Methods:  HIV-infected persons with lipodystrophy, defined by self-reported increase in abdominal girth and waist-hip ratio ≥0.95 in men and ≥0.85 in women, and normal glucose tolerance (fasting glucose ≤100 mg/dL) were randomized to receive metformin 1500 mg daily or placebo for 24 weeks in a prospective, double-blind trial. The primary endpoint was appendicular fat mass measured by DEXA after 24 weeks. Secondary endpoints included visceral adipose tissue measured by single-slice CT scan and serum lipid profile.

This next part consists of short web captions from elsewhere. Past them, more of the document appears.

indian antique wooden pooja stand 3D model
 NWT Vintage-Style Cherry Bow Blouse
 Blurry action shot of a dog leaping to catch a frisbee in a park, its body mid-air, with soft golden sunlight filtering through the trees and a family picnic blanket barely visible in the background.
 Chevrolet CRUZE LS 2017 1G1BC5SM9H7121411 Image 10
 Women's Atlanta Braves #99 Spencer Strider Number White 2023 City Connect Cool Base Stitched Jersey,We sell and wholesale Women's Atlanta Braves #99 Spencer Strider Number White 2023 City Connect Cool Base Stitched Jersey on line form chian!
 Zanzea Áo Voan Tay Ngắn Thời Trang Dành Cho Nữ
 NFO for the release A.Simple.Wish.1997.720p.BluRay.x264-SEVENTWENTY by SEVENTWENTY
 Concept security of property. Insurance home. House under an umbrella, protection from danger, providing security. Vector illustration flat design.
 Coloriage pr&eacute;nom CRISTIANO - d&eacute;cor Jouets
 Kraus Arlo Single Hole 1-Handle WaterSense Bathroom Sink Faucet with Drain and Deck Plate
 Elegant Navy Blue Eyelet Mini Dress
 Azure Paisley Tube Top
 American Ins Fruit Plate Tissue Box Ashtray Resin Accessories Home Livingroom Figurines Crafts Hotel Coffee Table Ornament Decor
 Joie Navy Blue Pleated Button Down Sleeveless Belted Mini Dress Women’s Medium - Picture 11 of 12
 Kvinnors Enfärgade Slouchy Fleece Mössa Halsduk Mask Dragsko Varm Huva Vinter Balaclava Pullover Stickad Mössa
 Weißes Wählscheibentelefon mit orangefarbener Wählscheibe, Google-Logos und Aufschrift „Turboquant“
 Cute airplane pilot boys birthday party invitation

Results:  We randomized 48 participants to the metformin (n = 25) and placebo (n = 23) groups. Of all participants, 56% were male and mean age was 42 years. Mean fasting glucose in the metformin and placebo groups was 94.0 vs 97.2 mg/dL (p = 0.73). In each group, 52% of participants received protease inhibitors. Mean CD4 count in the metformin and placebo groups was 370 vs 420 cells/mm3 (p = 0.61). The percentage of participants in each group with an undetectable viral load was similar. Metformin use over 24 weeks was associated with a decrease in appendicular fat mass compared to placebo (–686.0 vs 161.0 kg, p = 0.03). After adjusting for age, height, and baseline appendicular fat mass, a trend towards decreased appendicular fat mass remained (–614.0 vs 95.3 kg, p = 0.12). There was no significant change in visceral adipose tissue after 24 weeks of metformin vs placebo (–22.2 vs –3.85 cm2, p = 0.17). Metformin did not significantly change triglycerides, LDL, or HDL after 24 weeks compared to placebo.

Conclusions:  This randomized placebo-controlled trial failed to show a benefit of metformin on fat redistribution or dyslipidemia in HIV-infected persons with lipodystrophy and normal glucose tolerance. There was an unexpected trend toward reduction in appendicular fat mass. Metformin should be used with caution in HIV-associated lipodystrophy, and if used, should be reserved for persons with impaired glucose tolerance.